▸ Exercise instructions:
Start at the line holding "Harley-Davidson Black Belt". Write out that line and each one after it to the end of the data, unchanged.
-=-=-=-=-
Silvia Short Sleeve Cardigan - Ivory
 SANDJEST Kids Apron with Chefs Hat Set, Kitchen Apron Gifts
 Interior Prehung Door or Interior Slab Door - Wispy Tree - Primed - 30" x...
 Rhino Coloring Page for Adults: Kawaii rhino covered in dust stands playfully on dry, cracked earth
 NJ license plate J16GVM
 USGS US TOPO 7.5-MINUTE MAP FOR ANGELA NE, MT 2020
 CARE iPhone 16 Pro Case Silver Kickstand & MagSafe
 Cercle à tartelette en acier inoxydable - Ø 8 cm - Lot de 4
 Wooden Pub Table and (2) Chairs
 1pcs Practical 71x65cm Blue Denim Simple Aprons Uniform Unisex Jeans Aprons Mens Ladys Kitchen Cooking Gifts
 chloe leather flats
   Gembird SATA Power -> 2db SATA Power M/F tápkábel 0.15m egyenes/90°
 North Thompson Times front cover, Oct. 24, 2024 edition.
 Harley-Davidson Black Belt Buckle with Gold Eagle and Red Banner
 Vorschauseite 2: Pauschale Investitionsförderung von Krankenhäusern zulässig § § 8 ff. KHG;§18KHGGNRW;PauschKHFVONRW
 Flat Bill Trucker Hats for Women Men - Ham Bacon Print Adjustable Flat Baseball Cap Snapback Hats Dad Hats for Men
-=-=-=-=-
▸ Exercise solution:
 Harley-Davidson Black Belt Buckle with Gold Eagle and Red Banner
 Vorschauseite 2: Pauschale Investitionsförderung von Krankenhäusern zulässig § § 8 ff. KHG;§18KHGGNRW;PauschKHFVONRW
 Flat Bill Trucker Hats for Women Men - Ham Bacon Print Adjustable Flat Baseball Cap Snapback Hats Dad Hats for Men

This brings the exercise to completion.